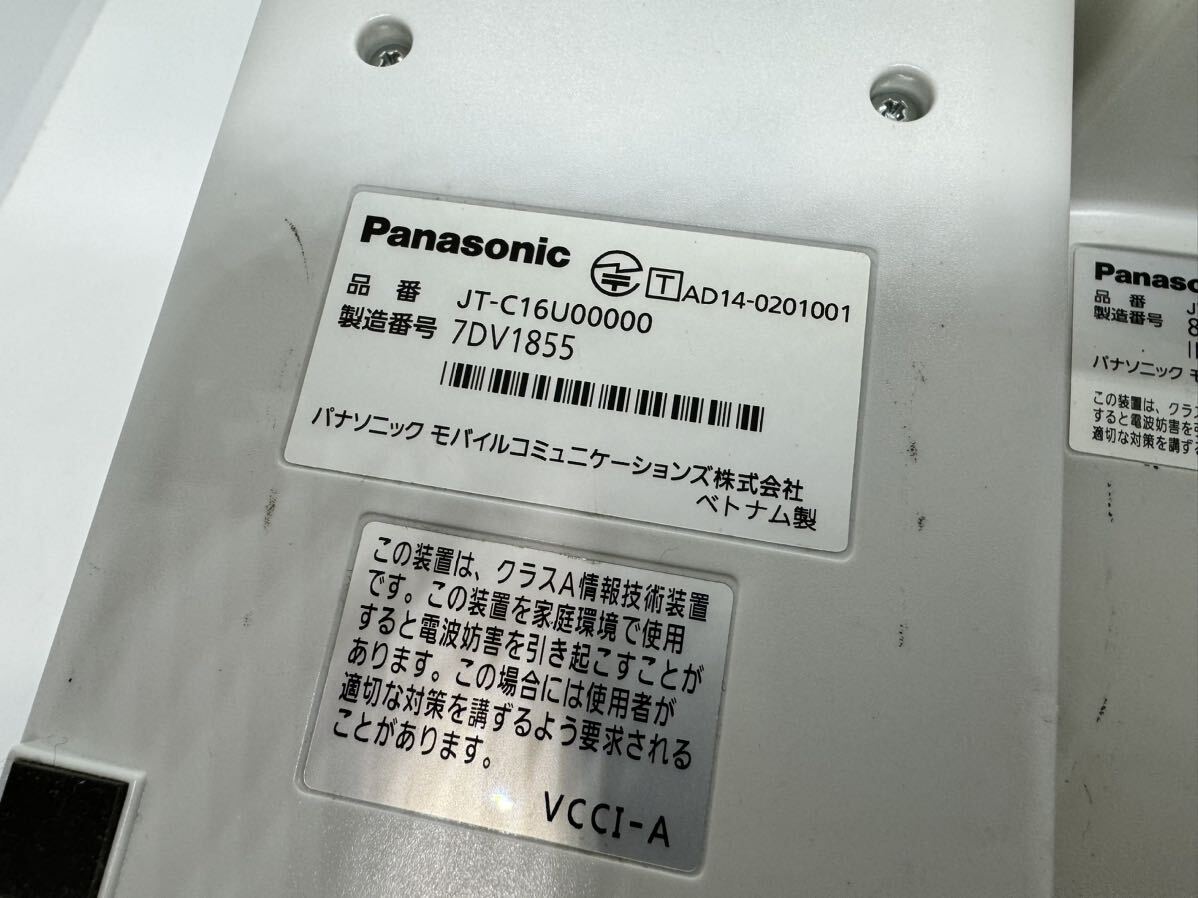 ◇Panasonic パナソニック クレジットカードリーダー 端末機 JT-C16U00000 JT-C16B 通電確認済の画像7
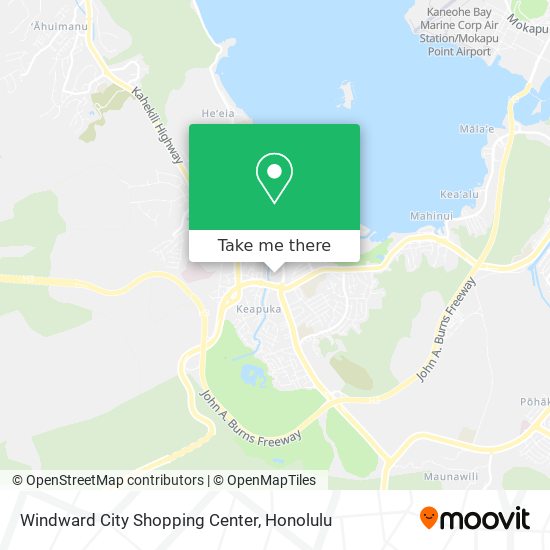 Windward City Shopping Center map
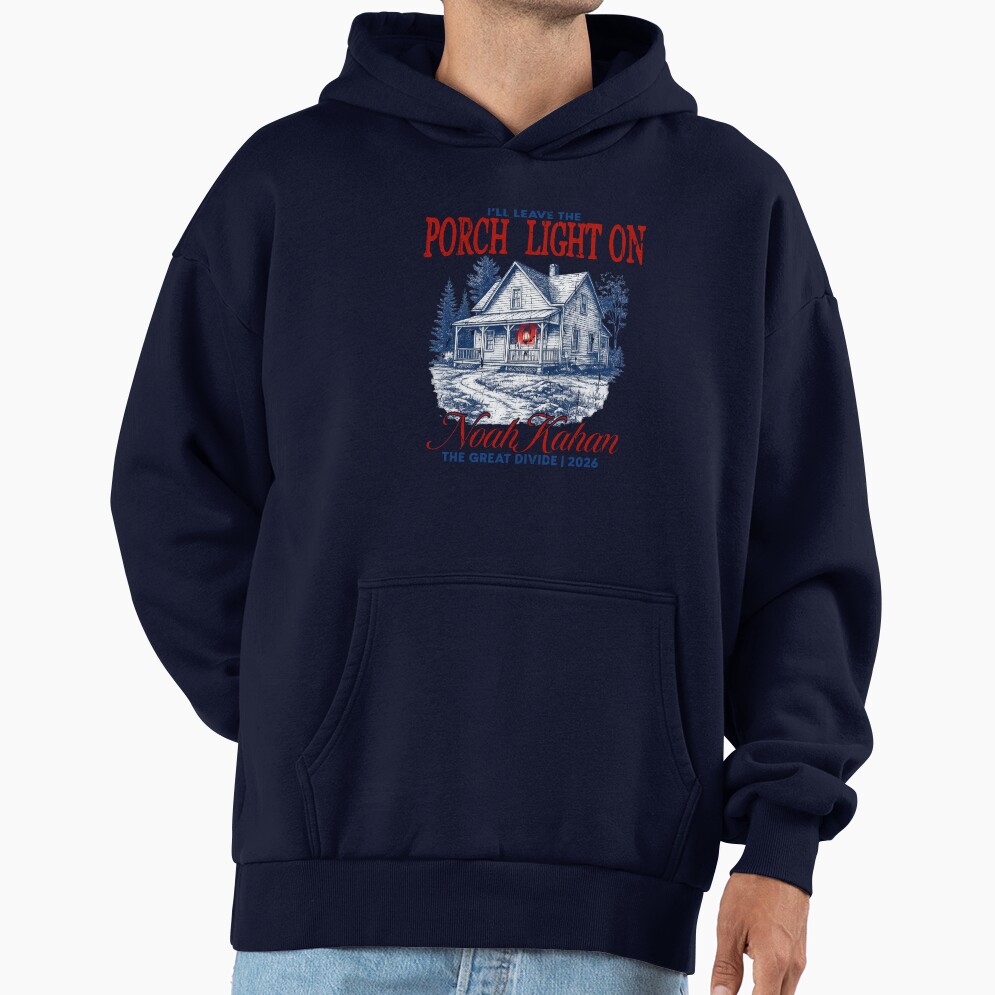 Noah Kahan Leave The Porch Light On Hoodie - Image 5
########################################
**EXERCISE OBJECTIVE**
Begin at the line containing "Windward City Shopping Center map" and stop at the final line of the data. Retype those lines exactly, without the pictures.

**ANSWER**
 Windward City Shopping Center map
 Noah Kahan Leave The Porch Light On Hoodie - Image 5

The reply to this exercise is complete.